Des Tatbestandes und der (weiteren) Entscheidungsgründe bedarf es gemäß § 313b Abs. 1 Satz 1 ZPO, der im sozialgerichtlichen Verfahren über § 202 SGG ebenfalls entsprechende Anwendung findet (Hauck, in: Henning, SGG, § 101 Rn. 59), nicht. Allerdings hält es das Gericht für angezeigt, die Kostenentscheidung zu erläutern, da diese nicht dem Ausgang der Hauptsache folgt.

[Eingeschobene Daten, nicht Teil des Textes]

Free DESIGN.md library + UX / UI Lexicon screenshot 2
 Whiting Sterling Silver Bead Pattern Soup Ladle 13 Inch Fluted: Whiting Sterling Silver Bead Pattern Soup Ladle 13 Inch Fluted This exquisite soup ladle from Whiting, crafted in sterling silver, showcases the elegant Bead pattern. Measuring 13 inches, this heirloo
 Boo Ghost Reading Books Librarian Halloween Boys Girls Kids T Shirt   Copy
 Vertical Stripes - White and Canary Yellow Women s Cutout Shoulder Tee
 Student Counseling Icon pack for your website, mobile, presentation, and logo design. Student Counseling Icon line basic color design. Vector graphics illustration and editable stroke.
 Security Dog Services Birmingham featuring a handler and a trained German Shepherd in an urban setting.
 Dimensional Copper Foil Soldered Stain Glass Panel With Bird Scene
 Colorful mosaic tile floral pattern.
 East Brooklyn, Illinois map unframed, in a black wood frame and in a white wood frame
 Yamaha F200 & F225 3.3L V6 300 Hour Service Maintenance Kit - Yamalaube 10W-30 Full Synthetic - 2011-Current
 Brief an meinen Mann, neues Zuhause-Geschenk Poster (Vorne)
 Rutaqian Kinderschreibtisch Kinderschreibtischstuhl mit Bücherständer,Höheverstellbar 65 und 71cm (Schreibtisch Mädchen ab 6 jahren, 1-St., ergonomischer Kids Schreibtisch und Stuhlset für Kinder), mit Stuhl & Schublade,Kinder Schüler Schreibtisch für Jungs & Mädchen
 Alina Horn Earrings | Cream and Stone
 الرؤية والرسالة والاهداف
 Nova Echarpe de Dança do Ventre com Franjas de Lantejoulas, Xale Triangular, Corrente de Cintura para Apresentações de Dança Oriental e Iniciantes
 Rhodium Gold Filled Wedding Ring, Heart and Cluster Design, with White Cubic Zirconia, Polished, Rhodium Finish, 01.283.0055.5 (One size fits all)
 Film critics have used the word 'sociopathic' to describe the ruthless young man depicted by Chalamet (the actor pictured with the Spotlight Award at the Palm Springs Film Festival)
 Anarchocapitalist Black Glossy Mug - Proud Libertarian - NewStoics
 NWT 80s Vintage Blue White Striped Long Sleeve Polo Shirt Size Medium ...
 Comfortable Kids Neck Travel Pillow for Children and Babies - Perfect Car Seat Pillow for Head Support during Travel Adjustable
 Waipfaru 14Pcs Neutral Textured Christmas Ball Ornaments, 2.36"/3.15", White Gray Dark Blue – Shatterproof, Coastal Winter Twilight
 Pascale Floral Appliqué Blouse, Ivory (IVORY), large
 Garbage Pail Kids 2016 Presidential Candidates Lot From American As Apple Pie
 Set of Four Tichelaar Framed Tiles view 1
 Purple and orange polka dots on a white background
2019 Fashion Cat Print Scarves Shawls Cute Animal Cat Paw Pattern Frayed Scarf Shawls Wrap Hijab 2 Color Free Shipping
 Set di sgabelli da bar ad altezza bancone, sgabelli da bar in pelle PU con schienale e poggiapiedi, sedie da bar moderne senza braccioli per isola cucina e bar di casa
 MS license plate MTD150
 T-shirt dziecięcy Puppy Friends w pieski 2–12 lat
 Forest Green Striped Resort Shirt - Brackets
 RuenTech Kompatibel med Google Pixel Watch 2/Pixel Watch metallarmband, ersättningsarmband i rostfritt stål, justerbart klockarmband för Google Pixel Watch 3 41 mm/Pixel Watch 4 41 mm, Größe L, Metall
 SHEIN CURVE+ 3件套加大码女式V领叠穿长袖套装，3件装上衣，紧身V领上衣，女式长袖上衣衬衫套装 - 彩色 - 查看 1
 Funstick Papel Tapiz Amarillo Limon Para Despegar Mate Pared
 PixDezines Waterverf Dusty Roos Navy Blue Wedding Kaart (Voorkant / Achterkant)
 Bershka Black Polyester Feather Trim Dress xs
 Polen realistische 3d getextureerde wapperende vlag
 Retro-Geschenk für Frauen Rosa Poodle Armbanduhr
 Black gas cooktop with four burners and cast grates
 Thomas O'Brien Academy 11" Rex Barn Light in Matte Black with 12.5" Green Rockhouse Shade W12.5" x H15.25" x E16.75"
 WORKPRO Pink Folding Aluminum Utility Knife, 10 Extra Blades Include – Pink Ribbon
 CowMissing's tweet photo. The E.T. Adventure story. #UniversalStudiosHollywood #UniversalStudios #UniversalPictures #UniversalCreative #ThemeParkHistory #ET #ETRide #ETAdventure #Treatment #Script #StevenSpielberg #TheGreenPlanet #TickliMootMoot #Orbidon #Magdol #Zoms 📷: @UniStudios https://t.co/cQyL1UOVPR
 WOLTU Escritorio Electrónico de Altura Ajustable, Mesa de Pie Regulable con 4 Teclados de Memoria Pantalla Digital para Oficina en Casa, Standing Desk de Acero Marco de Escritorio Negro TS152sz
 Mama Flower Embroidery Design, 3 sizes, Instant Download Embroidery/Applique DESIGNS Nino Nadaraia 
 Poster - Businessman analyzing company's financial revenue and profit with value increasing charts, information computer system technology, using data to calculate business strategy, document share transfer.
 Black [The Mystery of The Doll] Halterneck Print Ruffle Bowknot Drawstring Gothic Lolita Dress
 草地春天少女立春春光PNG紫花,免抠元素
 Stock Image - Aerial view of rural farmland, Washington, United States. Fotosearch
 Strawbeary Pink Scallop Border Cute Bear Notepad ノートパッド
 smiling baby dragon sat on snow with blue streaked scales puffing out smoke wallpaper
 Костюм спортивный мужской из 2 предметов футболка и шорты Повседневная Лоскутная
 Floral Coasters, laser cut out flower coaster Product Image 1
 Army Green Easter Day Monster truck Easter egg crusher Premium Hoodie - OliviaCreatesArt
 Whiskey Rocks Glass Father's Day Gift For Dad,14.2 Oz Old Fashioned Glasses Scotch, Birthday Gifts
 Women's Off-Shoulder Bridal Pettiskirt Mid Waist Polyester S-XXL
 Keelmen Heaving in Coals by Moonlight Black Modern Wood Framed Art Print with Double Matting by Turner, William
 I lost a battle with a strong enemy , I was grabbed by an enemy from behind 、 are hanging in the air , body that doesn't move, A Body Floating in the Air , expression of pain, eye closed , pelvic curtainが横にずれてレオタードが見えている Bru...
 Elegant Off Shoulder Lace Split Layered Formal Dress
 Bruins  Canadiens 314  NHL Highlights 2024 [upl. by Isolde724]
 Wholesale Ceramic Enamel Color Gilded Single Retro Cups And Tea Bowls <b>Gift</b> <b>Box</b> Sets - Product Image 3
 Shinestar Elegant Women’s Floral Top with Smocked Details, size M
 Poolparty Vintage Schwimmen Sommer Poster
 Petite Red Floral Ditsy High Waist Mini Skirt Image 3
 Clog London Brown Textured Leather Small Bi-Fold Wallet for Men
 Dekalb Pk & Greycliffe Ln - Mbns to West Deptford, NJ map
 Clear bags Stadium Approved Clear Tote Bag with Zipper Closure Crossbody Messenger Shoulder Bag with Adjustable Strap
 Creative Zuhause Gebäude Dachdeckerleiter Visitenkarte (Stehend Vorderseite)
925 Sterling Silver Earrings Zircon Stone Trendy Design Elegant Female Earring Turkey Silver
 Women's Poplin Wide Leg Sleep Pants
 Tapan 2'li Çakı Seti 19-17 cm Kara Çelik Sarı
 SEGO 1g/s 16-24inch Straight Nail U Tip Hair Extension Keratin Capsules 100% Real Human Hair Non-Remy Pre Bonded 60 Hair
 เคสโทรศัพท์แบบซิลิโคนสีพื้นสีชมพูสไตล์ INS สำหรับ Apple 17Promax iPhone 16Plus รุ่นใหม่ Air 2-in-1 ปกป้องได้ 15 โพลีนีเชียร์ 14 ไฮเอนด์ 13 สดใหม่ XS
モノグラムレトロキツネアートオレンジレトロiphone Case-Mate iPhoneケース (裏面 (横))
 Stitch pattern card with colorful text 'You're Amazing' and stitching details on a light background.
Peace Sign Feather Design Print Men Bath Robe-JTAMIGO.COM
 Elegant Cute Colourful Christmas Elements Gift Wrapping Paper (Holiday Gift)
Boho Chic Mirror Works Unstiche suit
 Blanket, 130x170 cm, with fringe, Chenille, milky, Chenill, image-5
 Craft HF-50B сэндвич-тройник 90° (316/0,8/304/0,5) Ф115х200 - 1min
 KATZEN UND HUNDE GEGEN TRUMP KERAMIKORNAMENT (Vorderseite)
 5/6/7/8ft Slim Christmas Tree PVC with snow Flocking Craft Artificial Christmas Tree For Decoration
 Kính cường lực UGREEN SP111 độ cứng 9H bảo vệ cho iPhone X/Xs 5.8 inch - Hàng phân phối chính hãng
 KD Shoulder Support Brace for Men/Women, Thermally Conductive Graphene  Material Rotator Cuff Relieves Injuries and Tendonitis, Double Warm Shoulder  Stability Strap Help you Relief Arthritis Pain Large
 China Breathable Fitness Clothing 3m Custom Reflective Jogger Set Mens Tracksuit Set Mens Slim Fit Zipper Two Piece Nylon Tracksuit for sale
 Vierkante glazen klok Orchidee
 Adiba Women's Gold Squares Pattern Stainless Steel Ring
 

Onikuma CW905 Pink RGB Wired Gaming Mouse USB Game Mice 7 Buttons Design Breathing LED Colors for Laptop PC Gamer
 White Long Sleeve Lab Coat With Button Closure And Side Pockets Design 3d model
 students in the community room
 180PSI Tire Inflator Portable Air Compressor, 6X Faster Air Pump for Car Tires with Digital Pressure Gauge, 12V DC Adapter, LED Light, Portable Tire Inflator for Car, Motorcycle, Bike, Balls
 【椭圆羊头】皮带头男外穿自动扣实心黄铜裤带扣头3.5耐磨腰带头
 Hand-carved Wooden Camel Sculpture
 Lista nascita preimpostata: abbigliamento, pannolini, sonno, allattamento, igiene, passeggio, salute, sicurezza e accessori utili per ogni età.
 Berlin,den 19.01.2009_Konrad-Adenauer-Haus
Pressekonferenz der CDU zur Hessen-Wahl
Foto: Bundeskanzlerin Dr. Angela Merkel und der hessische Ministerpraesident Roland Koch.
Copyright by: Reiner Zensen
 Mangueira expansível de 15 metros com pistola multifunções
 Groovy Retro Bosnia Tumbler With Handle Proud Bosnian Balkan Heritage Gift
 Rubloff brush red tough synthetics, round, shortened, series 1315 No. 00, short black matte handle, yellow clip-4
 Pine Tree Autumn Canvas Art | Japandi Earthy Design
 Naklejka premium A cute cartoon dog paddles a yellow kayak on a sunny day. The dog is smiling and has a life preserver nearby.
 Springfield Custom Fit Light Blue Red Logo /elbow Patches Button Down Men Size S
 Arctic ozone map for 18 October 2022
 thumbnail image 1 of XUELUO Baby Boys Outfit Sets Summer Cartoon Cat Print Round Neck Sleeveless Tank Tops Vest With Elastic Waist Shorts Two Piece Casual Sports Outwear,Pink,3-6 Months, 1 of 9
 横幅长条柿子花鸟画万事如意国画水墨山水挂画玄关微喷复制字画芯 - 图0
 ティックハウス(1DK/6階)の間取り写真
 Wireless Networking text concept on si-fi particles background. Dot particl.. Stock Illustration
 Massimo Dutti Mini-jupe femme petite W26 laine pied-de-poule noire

Die Kostenentscheidung beruht auf § 105 Abs. 1 Satz 3 SGG i. V. m. § 193 SGG. Es entspricht sachgemäßem Ermessen, die Beklagte nicht mit den außergerichtlichen Kosten des Klägers zu belasten. Der Anspruch des Klägers auf einen früheren Beginn der Regelaltersrente ist auf eine während des Klageverfahrens eingetretene Gesetzesänderung zurückzuführen. § 3 des Gesetzes zur Zahlbarmachung von Renten aus Beschäftigungen in einem Ghetto (ZRBG) wurde durch das Erste Gesetz zur Änderung des ZRBG vom 15. Juli 2014 (BGBl. I S. 952) mit Wirkung zum 1. August 2014 wie folgt neu gefasst (soweit hier relevant): "(1) Ein Antrag auf Rente aus der gesetzlichen Rentenversicherung gilt als am 18. Juni 1997 gestellt. (5) Wurde eine Rente nach diesem Gesetz in der Fassung bis zum 31. Juli 2014 wegen verspäteter Antragstellung nicht vom frühestmöglichen Rentenbeginn an bewilligt, so wird die Rente auf Antrag vom frühestmöglichen Rentenbeginn an neu festgestellt." Die Beklagte hat auf diese Gesetzesänderung unverzüglich reagiert, indem sie noch vor Inkrafttreten der Neuregelung ein entsprechendes Anerkenntnis abgegeben hat. Hierin ist eine dem Rechtsgedanken des § 93 ZPO entsprechende, einem "sofortigen Anerkenntnis" vergleichbare Situation zu sehen, welche es ausnahmsweise rechtfertigt, die Beklagte abweichend vom Erfolgsprinzip frei von Kosten aus dem Rechtsstreit zu entlassen.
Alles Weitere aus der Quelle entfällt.